LLM Challenge Verification (Layer 4)

Enable "LLM Challenge Verification" in Settings (Precise mode only):

  1. After Layer 3 extraction, each section is re-verified by a second LLM
  2. Results are classified by confidence:
ConfidenceActionDescription
≥ 80%✅ AcceptBoth LLMs agree, auto-accepted
50-80%⚠️ FlagQuestionable, marked for review
< 50%❌ RejectClear inconsistency
  1. Output tab displays:

    • Overall confidence badge
    • Challenges grouped by section (expandable/collapsible)
    • Original vs Suggested value comparison (red/green columns)
  2. Token usage is approximately 1.5x without Challenge (one extra verification call per section)


4. Supported File Formats

FormatExtensionCleaning Capability
Word.docxHeading styles → Title, Lists → ListItem, Table structure
PowerPoint.pptxSlide Shape type classification, Drawing.Table
Excel.xlsxEach worksheet → Markdown Table
PDF.pdfHeuristic classification (title, list, footer detection)
HTML.htmlTags map directly (h1→Title, table→Table)
Plain Text.txt, .md, .csvMarkdown headings, bullets, code fences
Images.png, .jpg, .tiff, .bmpOCR recognition (requires Tesseract)

5. Built-in Schema Templates

Software Requirements Specification

13 sections:

SectionDescription
documentDocument metadata (title, version, date, sources)
project_overviewProject overview (name, objective, scope, constraints)
stakeholdersStakeholders
functional_requirementsFunctional requirements (with acceptance criteria, MoSCoW priority)
non_functional_requirementsNon-functional requirements (performance, security, availability)
data_modelData model (Entity + Fields)
api_endpointsAPI endpoint specifications
ui_screensUI screen list
timelineTimeline + milestones
budgetBudget breakdown
risksRisk assessment
glossaryGlossary
open_questionsOpen questions (auto-populated by LLM)

Custom templates: Place a JSON file in Data/schema-templates/ — zero code changes needed.

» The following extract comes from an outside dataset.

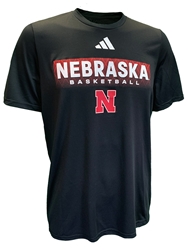 Adidas Nebraska Basketball Midnight Madness Tee Nebraska Cornhuskers, Nebraska Basketball, Huskers Basketball, Nebraska Black Out!, Huskers Black Out!, Nebraska  Short Sleeve, Huskers  Short Sleeve, Nebraska  Mens, Huskers  Mens, Nebraska  Mens T-Shirts, Huskers  Mens T-Shirts, Nebraska Adidas, Huskers Adidas, Nebraska Adidas Black Nebraska Basketball SS Pregame Tee, Huskers Adidas Black Nebraska Basketball SS Pregame Tee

6. Progress Log & Token Statistics

During generation, the frontend displays real-time execution logs:

Layer 2: Planning extraction for 13 sections...
Layer 2: Found 8/13 sections with data
Layer 3: Extracting project_overview (3 queries)...
Layer 3: project_overview done (1,200 tokens)
Layer 3: Completed 8 sections
Merging results...
✅ Generated v2 (Precise) | 25.3s | 5,050 in + 3,200 out = 8,250 tokens

The final line shows total time + input/output token usage.


7. API Endpoints

MethodPathDescription
POST/api/refineryCreate project
GET/api/refineryList projects
GET/api/refinery/{id}Get project
PUT/api/refinery/{id}Update project
DELETE/api/refinery/{id}Soft delete
GET/api/refinery/{id}/filesList files
POST/api/refinery/{id}/filesUpload + clean (SSE)
DELETE/api/refinery/{id}/files/{fileId}Delete file
GET/api/refinery/{id}/files/{fileId}/previewCleaning preview
POST/api/refinery/{id}/files/{fileId}/reindexRetry indexing (SSE)
POST/api/refinery/{id}/generateGenerate structured output (SSE)
GET/api/refinery/{id}/outputsList versions
GET/api/refinery/{id}/outputs/latestLatest version
GET/api/refinery/{id}/outputs/{version}Specific version
GET/api/schema-templatesList schema templates
GET/api/schema-templates/{id}Get template details

Released under the Apache-2.0 License.